*Exercise objective*
Please retype only the lines below that run from the one containing "Color:Leopard - Image" through the last line, both included, without altering a word.

*Material to process*
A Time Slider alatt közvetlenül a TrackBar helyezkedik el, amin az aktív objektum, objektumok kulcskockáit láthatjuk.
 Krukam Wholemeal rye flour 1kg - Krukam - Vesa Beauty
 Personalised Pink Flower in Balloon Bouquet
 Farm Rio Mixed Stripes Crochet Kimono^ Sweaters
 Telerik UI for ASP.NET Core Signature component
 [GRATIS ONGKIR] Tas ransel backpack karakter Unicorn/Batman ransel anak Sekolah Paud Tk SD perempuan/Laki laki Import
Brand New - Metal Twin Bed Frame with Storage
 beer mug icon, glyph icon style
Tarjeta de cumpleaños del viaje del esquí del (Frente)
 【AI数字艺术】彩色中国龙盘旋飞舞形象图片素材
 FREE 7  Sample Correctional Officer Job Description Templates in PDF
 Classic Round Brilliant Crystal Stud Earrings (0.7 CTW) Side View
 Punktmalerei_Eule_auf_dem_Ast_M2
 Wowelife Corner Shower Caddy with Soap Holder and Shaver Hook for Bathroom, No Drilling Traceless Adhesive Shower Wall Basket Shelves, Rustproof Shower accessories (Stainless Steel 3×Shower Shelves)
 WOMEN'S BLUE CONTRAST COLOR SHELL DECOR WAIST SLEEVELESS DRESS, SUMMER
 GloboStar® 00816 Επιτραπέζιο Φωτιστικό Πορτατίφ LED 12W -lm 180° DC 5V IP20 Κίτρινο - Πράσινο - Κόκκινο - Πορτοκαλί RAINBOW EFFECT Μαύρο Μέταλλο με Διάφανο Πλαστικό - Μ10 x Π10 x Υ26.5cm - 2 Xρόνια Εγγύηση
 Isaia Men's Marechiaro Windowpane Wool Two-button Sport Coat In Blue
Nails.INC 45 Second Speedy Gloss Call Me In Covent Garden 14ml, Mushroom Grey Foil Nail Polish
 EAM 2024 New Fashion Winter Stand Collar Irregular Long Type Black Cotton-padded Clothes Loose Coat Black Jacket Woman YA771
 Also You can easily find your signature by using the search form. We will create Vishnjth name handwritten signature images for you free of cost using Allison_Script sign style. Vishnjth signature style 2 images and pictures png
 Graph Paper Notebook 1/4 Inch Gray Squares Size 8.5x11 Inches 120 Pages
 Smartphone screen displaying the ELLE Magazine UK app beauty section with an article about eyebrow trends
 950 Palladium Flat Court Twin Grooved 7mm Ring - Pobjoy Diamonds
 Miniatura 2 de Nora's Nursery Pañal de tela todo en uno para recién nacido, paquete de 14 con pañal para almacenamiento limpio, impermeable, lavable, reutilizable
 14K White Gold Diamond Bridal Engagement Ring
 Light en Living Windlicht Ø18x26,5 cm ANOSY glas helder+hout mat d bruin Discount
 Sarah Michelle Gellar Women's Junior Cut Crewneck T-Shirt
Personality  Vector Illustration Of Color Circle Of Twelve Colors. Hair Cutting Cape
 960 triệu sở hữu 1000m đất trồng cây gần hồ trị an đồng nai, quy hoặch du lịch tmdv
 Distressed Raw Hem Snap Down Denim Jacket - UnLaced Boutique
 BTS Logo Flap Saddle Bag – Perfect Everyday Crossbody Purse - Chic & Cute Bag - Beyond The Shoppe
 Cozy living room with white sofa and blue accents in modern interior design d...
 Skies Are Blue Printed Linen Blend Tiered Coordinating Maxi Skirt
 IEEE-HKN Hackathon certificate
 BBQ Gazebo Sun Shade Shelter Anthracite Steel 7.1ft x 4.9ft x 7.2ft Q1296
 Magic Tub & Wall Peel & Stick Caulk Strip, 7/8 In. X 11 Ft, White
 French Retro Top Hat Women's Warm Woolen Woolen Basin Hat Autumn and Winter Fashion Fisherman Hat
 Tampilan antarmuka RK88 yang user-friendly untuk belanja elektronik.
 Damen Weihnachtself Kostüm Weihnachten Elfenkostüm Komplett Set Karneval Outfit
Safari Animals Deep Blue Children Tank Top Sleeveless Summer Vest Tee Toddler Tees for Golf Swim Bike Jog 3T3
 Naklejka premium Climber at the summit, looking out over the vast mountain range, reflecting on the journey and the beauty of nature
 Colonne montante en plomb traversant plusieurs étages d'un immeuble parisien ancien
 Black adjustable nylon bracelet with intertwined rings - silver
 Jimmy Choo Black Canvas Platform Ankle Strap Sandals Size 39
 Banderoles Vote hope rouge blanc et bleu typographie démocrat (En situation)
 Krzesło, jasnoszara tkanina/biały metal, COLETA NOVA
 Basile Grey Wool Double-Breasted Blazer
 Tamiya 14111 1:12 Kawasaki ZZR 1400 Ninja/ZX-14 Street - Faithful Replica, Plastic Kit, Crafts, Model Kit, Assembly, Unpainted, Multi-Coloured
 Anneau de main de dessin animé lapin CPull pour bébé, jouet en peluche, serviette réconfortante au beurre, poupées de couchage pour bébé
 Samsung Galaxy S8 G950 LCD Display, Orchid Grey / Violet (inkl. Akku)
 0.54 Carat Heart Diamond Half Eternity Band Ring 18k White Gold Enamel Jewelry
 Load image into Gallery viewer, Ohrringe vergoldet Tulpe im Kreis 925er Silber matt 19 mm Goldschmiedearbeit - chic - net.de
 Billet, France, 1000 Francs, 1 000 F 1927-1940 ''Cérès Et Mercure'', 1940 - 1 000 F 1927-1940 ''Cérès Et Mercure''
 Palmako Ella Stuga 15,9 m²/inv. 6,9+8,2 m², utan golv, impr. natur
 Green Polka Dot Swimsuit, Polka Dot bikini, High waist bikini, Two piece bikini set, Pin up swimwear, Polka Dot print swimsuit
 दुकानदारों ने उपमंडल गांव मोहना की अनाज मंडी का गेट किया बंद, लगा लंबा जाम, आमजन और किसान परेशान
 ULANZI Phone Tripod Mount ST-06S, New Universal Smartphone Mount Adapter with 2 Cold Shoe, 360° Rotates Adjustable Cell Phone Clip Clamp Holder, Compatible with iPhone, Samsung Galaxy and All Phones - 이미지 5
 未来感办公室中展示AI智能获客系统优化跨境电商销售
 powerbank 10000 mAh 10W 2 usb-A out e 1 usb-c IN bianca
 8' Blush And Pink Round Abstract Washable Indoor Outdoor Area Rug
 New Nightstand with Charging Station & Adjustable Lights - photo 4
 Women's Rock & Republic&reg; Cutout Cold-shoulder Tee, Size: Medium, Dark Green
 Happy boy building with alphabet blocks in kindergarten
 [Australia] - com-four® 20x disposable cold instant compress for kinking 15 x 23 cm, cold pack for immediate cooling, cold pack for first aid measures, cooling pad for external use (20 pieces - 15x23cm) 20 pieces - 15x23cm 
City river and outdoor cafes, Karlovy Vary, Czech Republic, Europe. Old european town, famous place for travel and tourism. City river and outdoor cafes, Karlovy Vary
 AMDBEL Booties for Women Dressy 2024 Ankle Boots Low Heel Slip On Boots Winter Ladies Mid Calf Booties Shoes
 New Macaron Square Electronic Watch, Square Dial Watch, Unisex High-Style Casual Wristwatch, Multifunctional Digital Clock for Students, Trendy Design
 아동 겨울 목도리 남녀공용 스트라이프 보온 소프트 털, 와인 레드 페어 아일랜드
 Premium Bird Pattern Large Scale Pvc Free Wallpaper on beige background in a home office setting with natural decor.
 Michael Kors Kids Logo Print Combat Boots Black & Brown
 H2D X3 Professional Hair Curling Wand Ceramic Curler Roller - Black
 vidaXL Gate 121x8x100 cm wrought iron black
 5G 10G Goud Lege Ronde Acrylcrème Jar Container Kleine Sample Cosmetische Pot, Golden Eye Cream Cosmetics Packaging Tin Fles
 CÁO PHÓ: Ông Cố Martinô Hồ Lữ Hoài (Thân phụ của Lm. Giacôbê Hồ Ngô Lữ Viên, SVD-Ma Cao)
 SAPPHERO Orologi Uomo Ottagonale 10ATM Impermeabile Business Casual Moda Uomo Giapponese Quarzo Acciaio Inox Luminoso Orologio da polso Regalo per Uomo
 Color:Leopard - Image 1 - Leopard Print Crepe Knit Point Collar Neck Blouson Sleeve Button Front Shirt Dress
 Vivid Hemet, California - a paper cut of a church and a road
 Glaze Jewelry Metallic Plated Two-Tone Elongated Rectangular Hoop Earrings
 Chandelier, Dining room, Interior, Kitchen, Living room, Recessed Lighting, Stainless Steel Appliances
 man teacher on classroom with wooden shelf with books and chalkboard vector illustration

*Solved exercise*
 Color:Leopard - Image 1 - Leopard Print Crepe Knit Point Collar Neck Blouson Sleeve Button Front Shirt Dress
 Vivid Hemet, California - a paper cut of a church and a road
 Glaze Jewelry Metallic Plated Two-Tone Elongated Rectangular Hoop Earrings
 Chandelier, Dining room, Interior, Kitchen, Living room, Recessed Lighting, Stainless Steel Appliances
 man teacher on classroom with wooden shelf with books and chalkboard vector illustration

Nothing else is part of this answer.